Taped to the Wall


Cliff Williams
Emeritus Professor of Philosophy
Trinity College of Trinity International University
Deerfield, Illinois 60015


It was the beginning of class in the first week of October, 2002. The class was the honors section of Introduction to Philosophy, consisting of fourteen students. We sat in a circle. I sat down in one of the desks and listened to the conversation, which happened to be about a recent weekend activity on campus.

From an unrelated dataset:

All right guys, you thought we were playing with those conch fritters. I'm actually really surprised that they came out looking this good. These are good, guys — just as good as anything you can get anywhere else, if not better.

One of the students in the class, Anna Fafinski, had been duct-taped to a wall while standing on a crate. The idea was to pull away the crate and see how long she would hang. I don’t remember how long they said she hung on the wall after the crate was pulled away, but I do remember that someone suggested that I be taped to a wall down at The Alley on North Clark Street in Chicago just north of Belmont Street. I said okay. Four persons shot their hands up. We headed to Chicago two days later on a Friday evening, armed with three rolls of duct tape, one crate, and two or three cameras.

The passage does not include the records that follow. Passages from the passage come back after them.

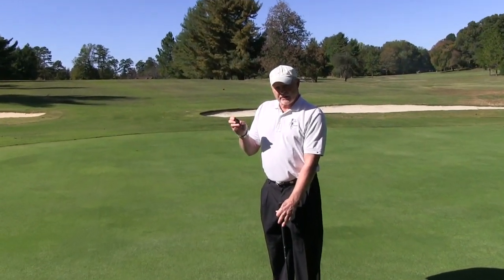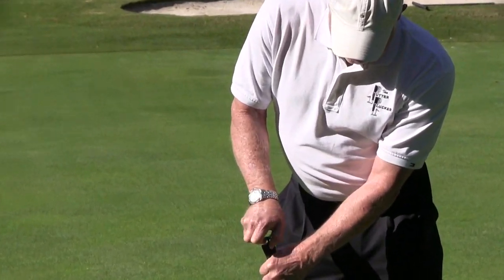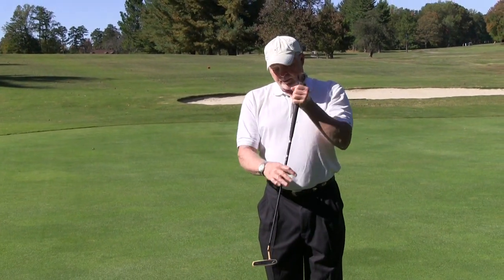Moisten the tip of the Putter Plucker, place it in the handle of the putter and press firmly to ensure that it's in place. Align the thinnest radius of the Putter Plucker to face the putter blade.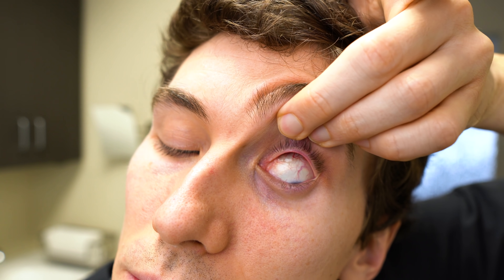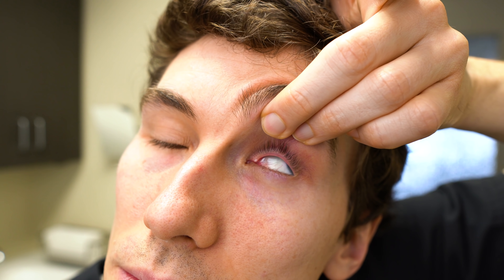For a contact lens stuck underneath the eyelid, that's a slightly different situation. If you have anything stuck in the eye — whether it's an eyelash or a contact lens — blinking frequently can help. It gets your eyelid moving and the eyelid can eventually push things out; that's just the natural function of the eyelids.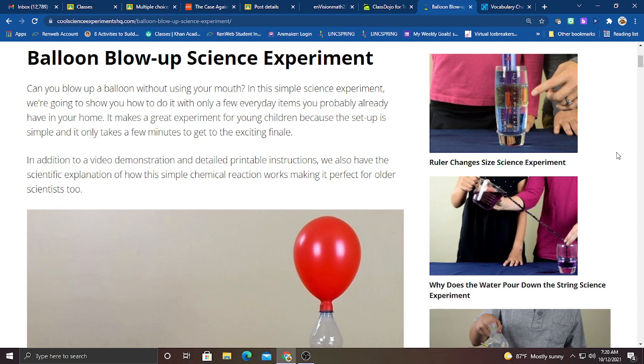This experiment is called Balloon Blow Up Science Experiment. Can you blow up a balloon without using your mouth? Believe it or not, in this simple science experiment, I'm going to show you how to do that with only a few everyday items that you probably already have in your home. This makes a great experiment for you kids because the setup is simple and it only takes a few minutes to get the exciting finale.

There was no wall next to The Alley wide enough to accommodate me. We walked around the corner onto Belmont Street and found a brick wall next to a nails store (fingernails, not steel nails). Someone placed the crate on the sidewalk, I stepped onto it, spread my arms out, and the taping began. It took an hour and a quarter.

Belmont and Clark streets are hot spots in Chicago. This means that there is a lot of foot and car traffic until the early hours of the morning. People walking by gawked at me. Twice cars stopped and the drivers got out and took my picture. Someone asked, “Is this some kind of protest?” A drifter stopped to help with the taping. A police officer came by and asked whether it was okay for the drifter to do that. We said it was. I asked that the front pocket where I had my money and ID be taped shut. The four students stretched the tape across my shoulders, chest, waist, and legs. They taped my arms. One of the long pieces of tape across my shoulders lay just under my chin.

The time came to pull out the crate. I immediately sank an inch or two. The tape just under my chin began to pull into my throat. Twenty seconds later, I dropped to the sidewalk. We all laughed.

The students decided not to take the tape off me until we all got back to the car. That meant that I had to hop, because my legs were taped together. Fortunately, the car was less than a block away, so I didn’t have to hop too far.

The group made me promise never to do that again with anyone else, so that they could be the only ones who had ever done that. I promised.